**EXERCISE REQUIREMENTS**
No pictures should appear. The lines from the beginning of the listing through the one holding "By testing the" must be reproduced exactly, and nothing more.

**EXERCISE DATA**
++++
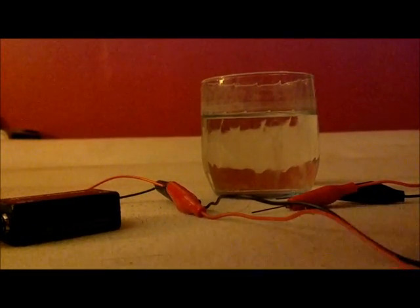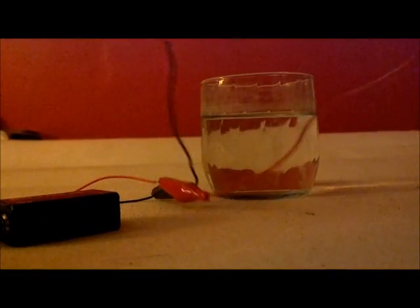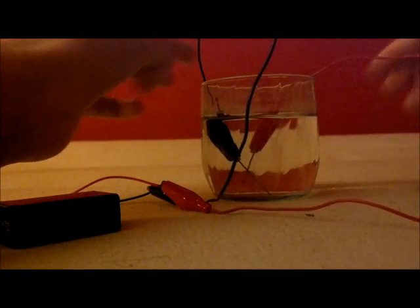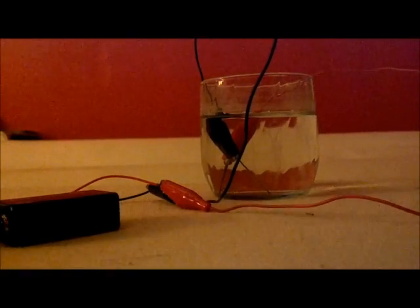Now what you're going to do is put these in the water — watch carefully — and don't let the electrodes touch, otherwise you won't get any gases at all.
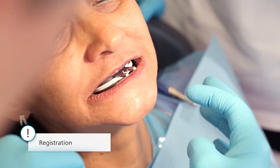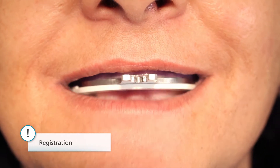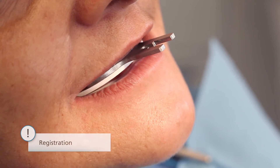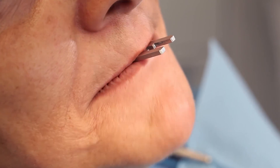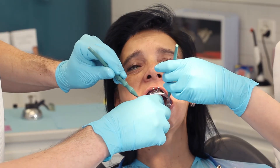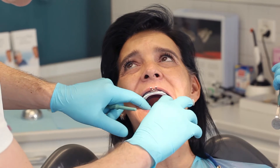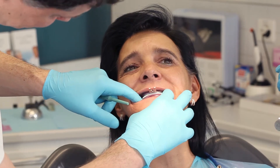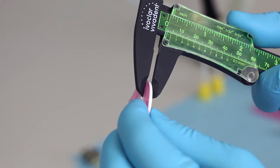By testing the patient's speech, check the vertical dimension and then make any necessary adjustments. Ask the patient to say words such as '66' or 'Mississippi,' or have them count from 60 to 70. If the vertical dimension is too high, the bite rims will touch each other when the patient speaks — in this case, remove one of the rims and test the situation again. If the vertical dimension is too low, you can increase it in millimetres with a wax plate.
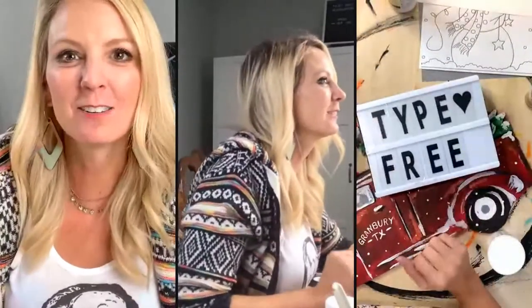Hey guys, Heidi Easley here in Texas Art and Soul, and I am going to try something a little different, so let me know if you are on here and you're watching. We are trying a few different camera angles to see if this works. There may be a little bit of an echo, so I need y'all to help me. Let me know if there's an echo or if something weird is happening so I can change it.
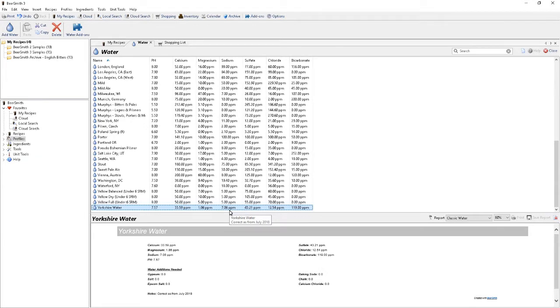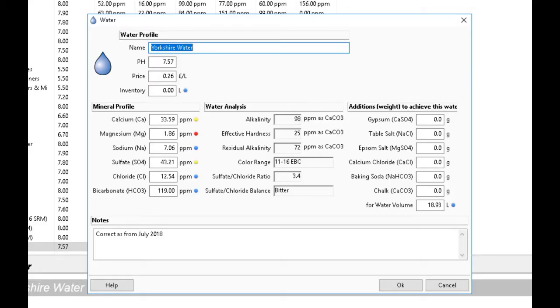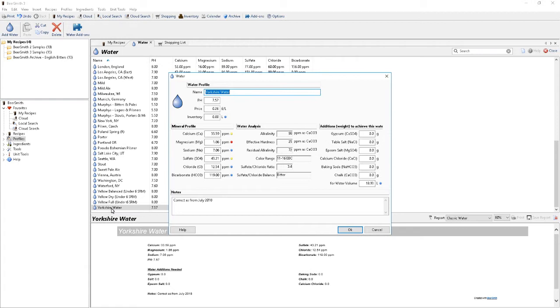Let's walk over to Beersmith and I'll show you what I've got. As you can see, we're in Beersmith and I've got my water profile highlighted. I'll read out the numbers just in case it's not clear for you — this may be useful if you want to condition your water to Yorkshire water for making a Yorkshire bitter, for instance. The pH is 7.57. The calcium is 33.59. The magnesium is 1.86. The sodium is 7.06. The sulphate is 43.21. The chloride is 12.54. And the bicarbonate, which was omitted from the water report on Yorkshire Water's website, is 119. They're all parts per million. This is my water profile which I'll be using moving forward.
++++
**EXERCISE RESPONSE**
Now what you're going to do is put these in the water — watch carefully — and don't let the electrodes touch, otherwise you won't get any gases at all.
By testing the patient's speech, check the vertical dimension and then make any necessary adjustments. Ask the patient to say words such as '66' or 'Mississippi,' or have them count from 60 to 70. If the vertical dimension is too high, the bite rims will touch each other when the patient speaks — in this case, remove one of the rims and test the situation again. If the vertical dimension is too low, you can increase it in millimetres with a wax plate.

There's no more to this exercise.